Mr Millar has personally visited the area in question and spoken to residents, and echoed Mr Baker's disappointment about Openreach's "lack of transparency".

He said: “Openreach’s aim to bring ultra-fast, full-fibre broadband into Aberconwy and Craig-y-Don is welcome. I recognise that commercially they will want to do this as cheaply as possible.

"However, I share the concerns of some residents about the way they are doing it.

“Having visited Liddell Drive in Llandudno and corresponded with residents, I understand their objections to the use of overhead cables and their determination to protect the visual character of their streets.

"The use of underground cabling to houses doesn't appear to have been considered and where new poles have appeared, at least one is in a different place to the map provided.

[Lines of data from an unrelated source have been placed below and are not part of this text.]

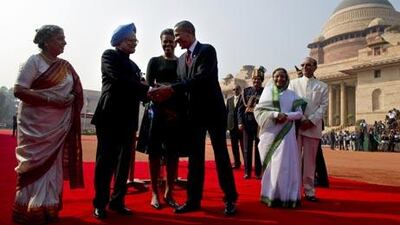 US President Barack Obama shakes hands with Indian Prime Minister Manmohan Singh as his wife Gulcharan Kau (L), First Lady Michele Obama (3R) and President Pratiba Patil (R) look on during a welcoming ceremony at the Presidential palace in New Dehli on November 8, 2010. Obama hailed India as an established "world power" as he received a 21-gun salute at a red carpet state welcome in the capital New Delhi. AFP PHOTO/Pedro UGARTE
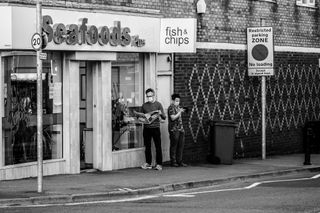 men waiting at chip shop street photography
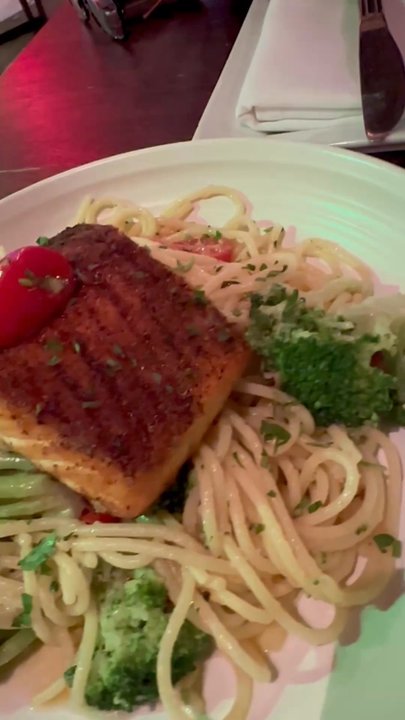 Fiorella's Italian Kitchen - Salmon, tomatoes, and broccoli over garlic pasta prepared in olive oil - Pizza Near Me - Oxon Hill, Maryland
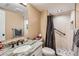 Modern bathroom features a granite countertop, a decorative mirror, and a tiled walk-in shower with grab bar at 5190 S Emporia Way, Greenwood Village, CO 80111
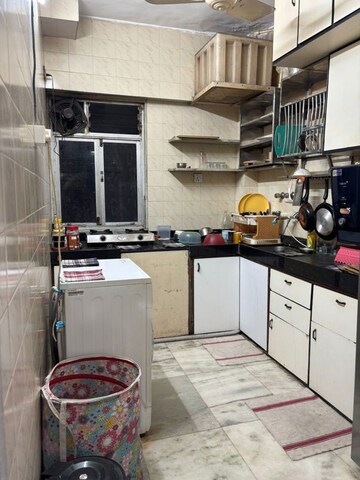 Kitchen in 2 BHK Apartment at Vishwageet CHS, Andheri West – for Rent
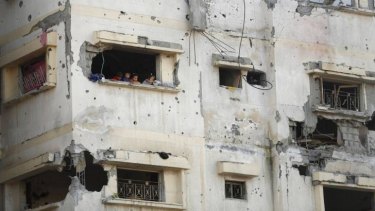 Palestinian children look out of their house in the east of Gaza City.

"I also share their frustration at the lack of transparency about the installation process that is being demonstrated by Openreach.

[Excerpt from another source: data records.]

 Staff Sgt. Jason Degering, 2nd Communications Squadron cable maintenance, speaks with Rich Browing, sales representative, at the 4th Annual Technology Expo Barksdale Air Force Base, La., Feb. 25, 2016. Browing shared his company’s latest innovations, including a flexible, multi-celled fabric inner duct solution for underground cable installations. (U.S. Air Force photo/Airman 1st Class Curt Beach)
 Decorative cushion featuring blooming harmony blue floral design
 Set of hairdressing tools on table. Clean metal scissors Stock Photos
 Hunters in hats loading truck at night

"Residents are prepared to wait for the service if this can be resolved and I will continue to work with Openreach and the community at Liddell Drive in pursuit of a mutually acceptable solution.”

Mrs Finch-Saunders added: “I was most pleased to have opened a productive channel of communication between the residents of Liddell Park and Openreach, who advised that these poles were a part of their latest ultrafast fibre network roll-out.

“In pressing the need to install such poles in the most appropriate location with senior leadership staff at the organisation, they outlined that the balance between cost-effectiveness, aesthetics and safety can be difficult to achieve.

“Nonetheless, I have sought to ensure that this remains foremost in their roll-out plans across the constituency.

“Following my intervention, I was pleased to be informed that the senior project manager visited the area to discuss this matter with residents and to highlight the reasons why it is not possible to provide an underground service.”

Indeed, an Openreach spokesperson said that, while the company is sympathetic to Mr Baker’s concerns, it was, in this case, the most logical solution to set up these poles.

A spokesperson for Openreach said: “Our engineers are currently working hard to bring ultra-fast and ultra-reliable full fibre broadband to Llandudno, which will not only bring huge benefits to families and businesses in the area but also a welcome boost to local economy.

“The vast majority of Llandudno residents are looking forward to being able to use some of the fastest broadband speeds in Europe, but we appreciate the concerns of Mr Baker.

“We would like to re-assure Mr Baker that we always try to place our poles in the most appropriate location.

“We’re aware of the visual impact our equipment can have and the balance between cost effectiveness, aesthetics and safety can be difficult to achieve.

“As a result, there are times when we simply cannot avoid erecting poles in order to provide services efficiently, safely and in a sound engineering manner.

“We have already explored the options of an underground solution in the area but unfortunately, this is cost-prohibitive, and by providing an underground solution, it would divert investment away from providing ultra-fast broadband to more than 300 homes and businesses in the area.”